Prompt:
Exactly the lines from the one containing "a swimming pool" through the end of the data, and nothing more, should be retyped; pictures stay out.

Supplied material:
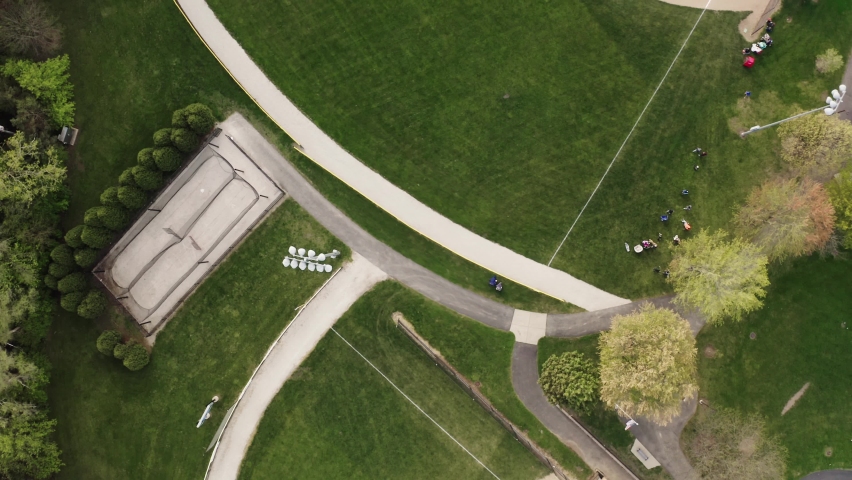 Aerial Drone view of kids play Baseball Field at Park on Sunny Day. Top view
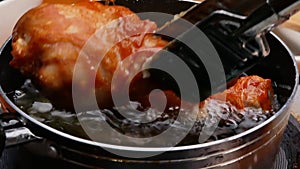 Frying the chicken drumsticks in hot oil in a pan on the kitchen stove. Cooking concept.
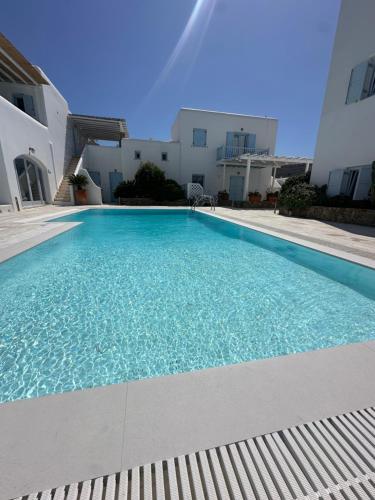 a swimming pool in front of a house at Mimoza Collection suites in Ornos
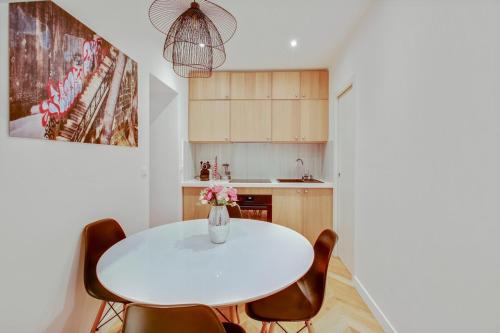 - une cuisine avec une table et des chaises blanches dans l'établissement 4-Star Apartment for 4, 10 mn from Champs-Élysées, à Paris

Response to the task:
 a swimming pool in front of a house at Mimoza Collection suites in Ornos
 - une cuisine avec une table et des chaises blanches dans l'établissement 4-Star Apartment for 4, 10 mn from Champs-Élysées, à Paris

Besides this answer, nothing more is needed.